WORK TASK: Pictures stay out; everything else in the listing below is to be restated word for word.

DATA BLOCK:
○ ○ ○ ○ ○ ○ ○

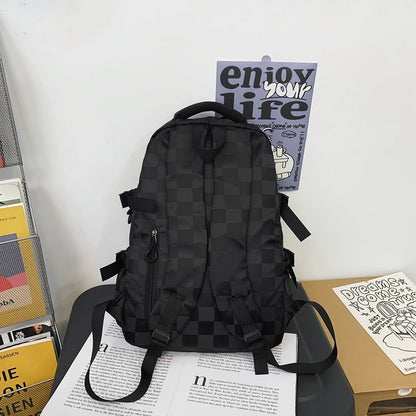 Girls Boy Plaid Laptop College Backpack Men Lady High Capacity Travel Nylon Leisure Bag Women School Fashion Female Male BookBag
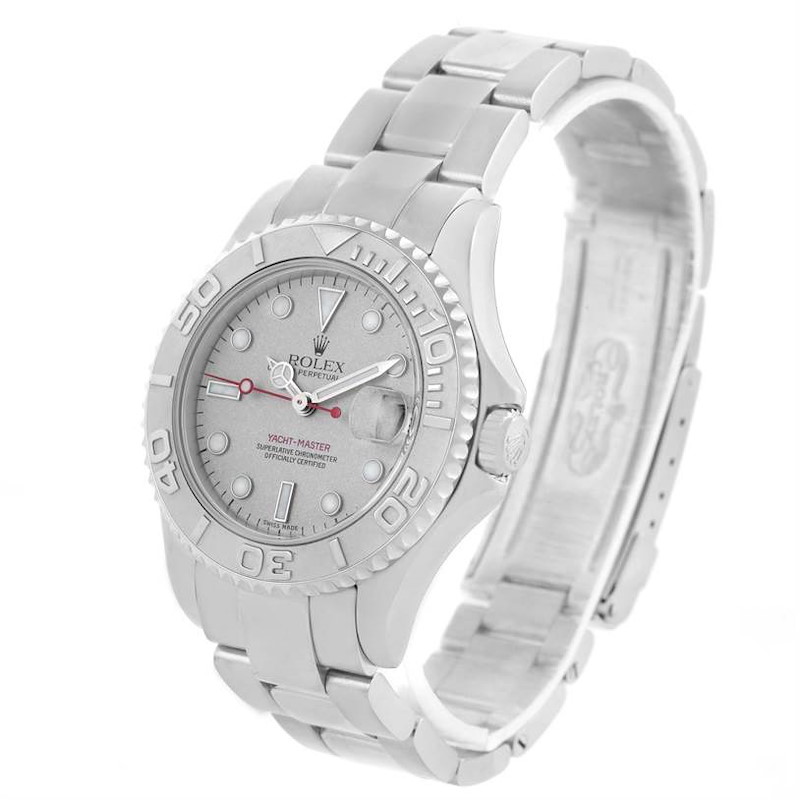 Rolex Yachtmaster Midsize Steel Platinum Watch 168622 Box Papers SwissWatchExpo
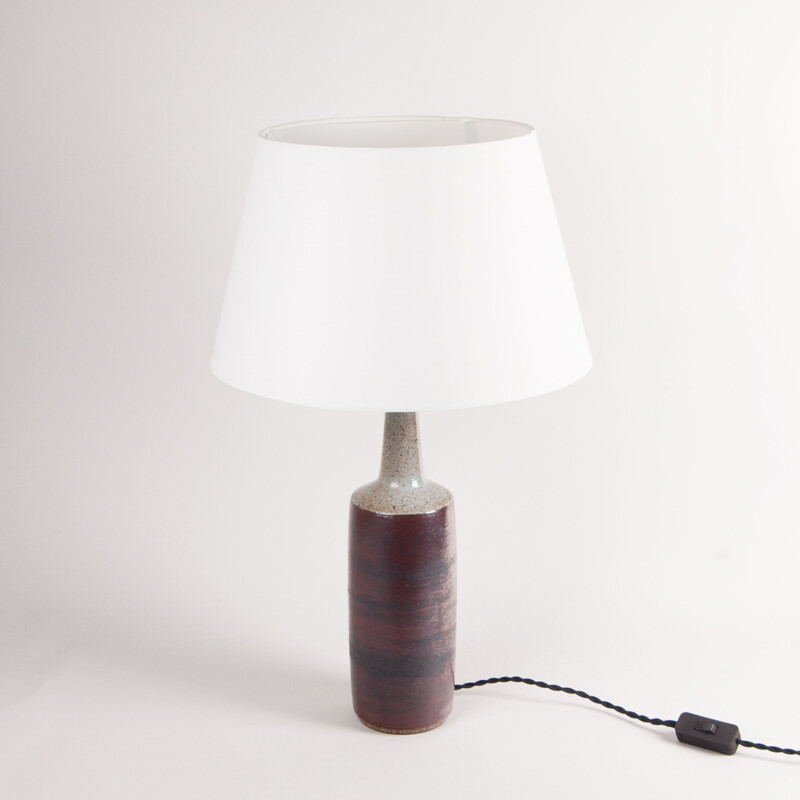 Vintage Burgundy glazed table lamp by Per Linnemann-Schmidt, Denmark 1960s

○ ○ ○ ○ ○ ○ ○

ANSWER TO THE PROBLEM:
 Girls Boy Plaid Laptop College Backpack Men Lady High Capacity Travel Nylon Leisure Bag Women School Fashion Female Male BookBag
 Rolex Yachtmaster Midsize Steel Platinum Watch 168622 Box Papers SwissWatchExpo
 Vintage Burgundy glazed table lamp by Per Linnemann-Schmidt, Denmark 1960s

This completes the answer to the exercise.